The chant ceased abruptly; the body disappeared. Although Farrari could not see it, he surmised that there was a chasm or crevass, a bottomless abyss, so deep that bodies vanished into it soundlessly, and here the olz disposed of their dead.

The specialists at base would have been fascinated, but this priceless discovery seemed likely to die with its discoverer. The olz padded back from the depths of the cave, and the next body they took was Farrari’s.

He lay on his back at the center of the circle of mourners. The priestess began her dance, began the chilling, whispered preface to her chanted lament. The ceiling arched far above the shallow circles of light thrown off by the torches, and Farrari, looking upward, could see nothing at all. Occasionally the priestess brushed past him; once she fluttered her hands before his staring eyes. Her chant became louder, her dance more agitated. Suddenly she appeared above him, her weirdly dilated eyes fixed on his face, her features contorted, her lips shaping shrieking incantations, her face—

He screamed, “Liano!” but the cry, if he forced one past his parched lips, was drowned in her chant. Her voice reached its shrill climax, and the olz leaped forward to seize him.

He had strength for one feeble effort. He moved his hands; his head lolled to one side and then straightened.

It was enough: the dead had come to life in the sanctuary of death. The chant stopped abruptly, the four olz backed slowly away, and Liano halted in midstride. Shocked out of her trance, she came closer and suddenly recognized him.

She screamed.

The olz fled, Liano with them, and Farrari was alone with the dead and the sputtering torches.

He was carried again. Remembering the abyss of the dead he attempted to struggle and his weakened muscles made no response. He thought the direction was upward, but he could not be certain until they emerged under a graying night sky. The olz carried him a short distance to another cave and gently placed him on a pile of straw.

They patiently fed him water and gruel, a drop or a grain at a time, and Liano bathed his wounds and dressed them with rags of coarse ol cloth. There followed an agonizing hiatus during which his fever returned and his mind wandered, and he called repeatedly for Liano and she did not respond.

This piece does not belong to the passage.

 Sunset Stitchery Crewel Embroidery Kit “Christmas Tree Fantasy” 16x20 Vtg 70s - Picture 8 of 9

Then she was with him again, and the unlighted cave seemed less dark when he knew that she was close by. She replaced his coarse bandages with real ones, applied medicine to his wounds, and gave him capsules to swallow, and he dimly perceived that she had visited one of the IPR supply caches. His fever broke, but he remained pathetically weak. He lay on the straw in the dark cave, listless except when they attempted to move him outside. This he resisted fiercely. In the darkness he had formed an inexplicable fear of daylight. Liano sat by his side for hours at a time trying to coax him to eat.

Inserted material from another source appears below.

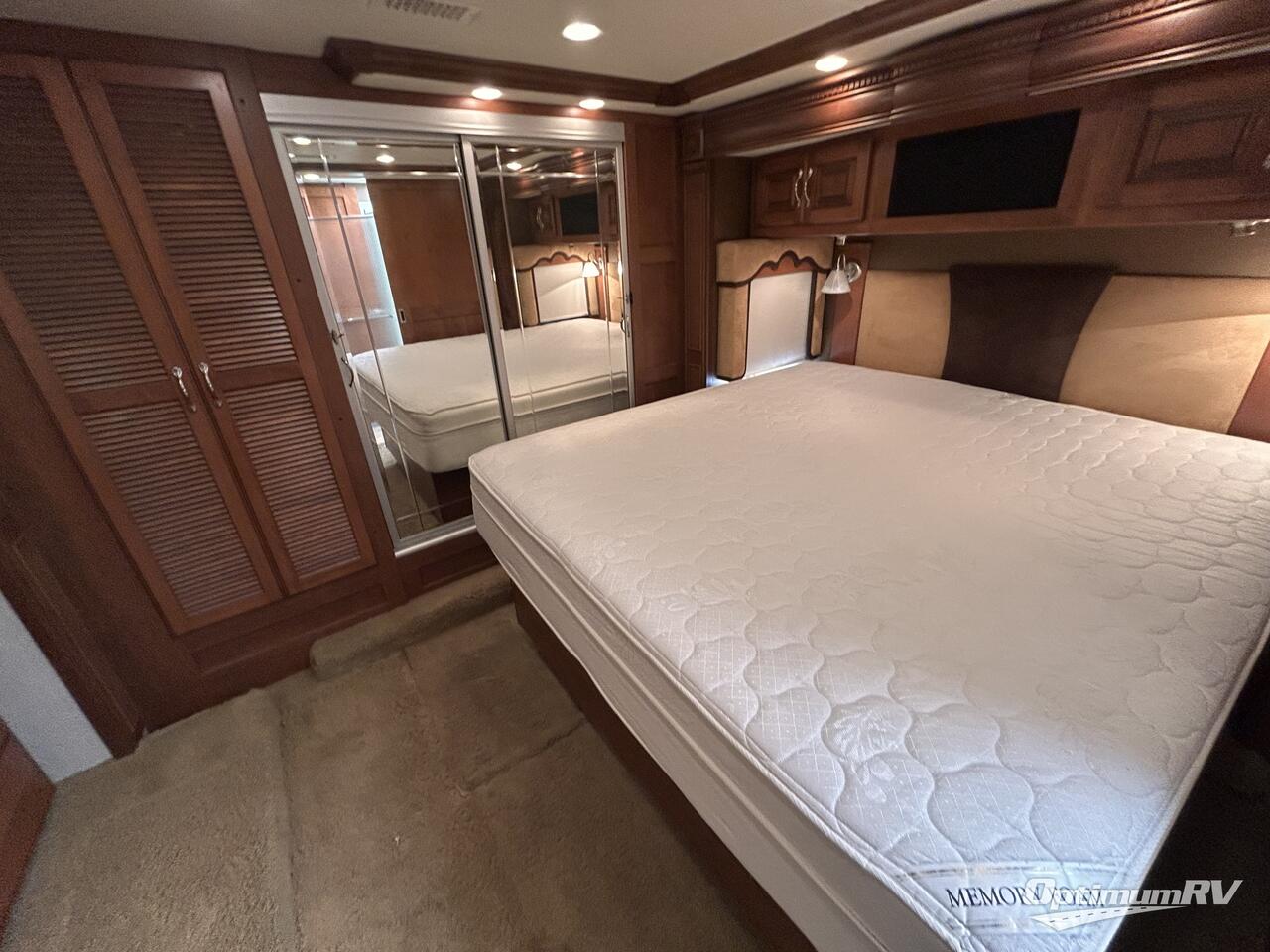 2012 Fleetwood Discovery 36J Photo 20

Slowly his strength returned. He became aware that several olz were in constant attendance on Liano, and he meant to ask her how a yilesc could have so many kewlz but forgot; and then when he remembered he had deduced the answer himself: there was, had to be, a supreme yilesc, or several of them if there were several burial caves where the olz disposed of their dead. IPR’s synthetic yilescz would not be aware of them, but Liano’s clairvoyancy had penetrated to that knowledge and beyond. She had become a supreme yilesc.

Finally Farrari consented to being moved outside, and Liano fed him IPR rations and he began to recover his strength rapidly. He missed Bran—missed having someone to talk with. The olz did what he asked and otherwise cautiously kept their distance from the ol who had returned from the dead—and it was anyway impossible to converse in ol, a language that even simple communication sometimes taxed to the utmost. Liano conscientiously dressed his wounds and fed him but hardly exchanged a word with him.

He dreamed of a carefree world where they could run hand in hand, laughing, through verdant mountain meadows. He had never seen her laugh; he had never dared to touch her hand. He remained the lowly kewl, and she was elevated to the loftiest of yilescz.